ASSIGNMENT: The material below contains a line with "Magnifique T5 Duplex" and a line with "فندق نوفوتيل بانكوك". Copy exactly those two lines and all lines between them.

INPUT DATA:
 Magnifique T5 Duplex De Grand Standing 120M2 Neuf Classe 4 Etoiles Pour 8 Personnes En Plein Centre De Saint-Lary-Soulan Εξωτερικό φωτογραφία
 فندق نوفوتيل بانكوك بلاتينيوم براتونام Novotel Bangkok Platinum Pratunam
---
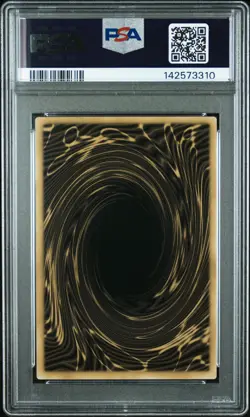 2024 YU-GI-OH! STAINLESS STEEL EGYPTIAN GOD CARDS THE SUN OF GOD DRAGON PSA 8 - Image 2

SOLVED EXERCISE:
 Magnifique T5 Duplex De Grand Standing 120M2 Neuf Classe 4 Etoiles Pour 8 Personnes En Plein Centre De Saint-Lary-Soulan Εξωτερικό φωτογραφία
 فندق نوفوتيل بانكوك بلاتينيوم براتونام Novotel Bangkok Platinum Pratunam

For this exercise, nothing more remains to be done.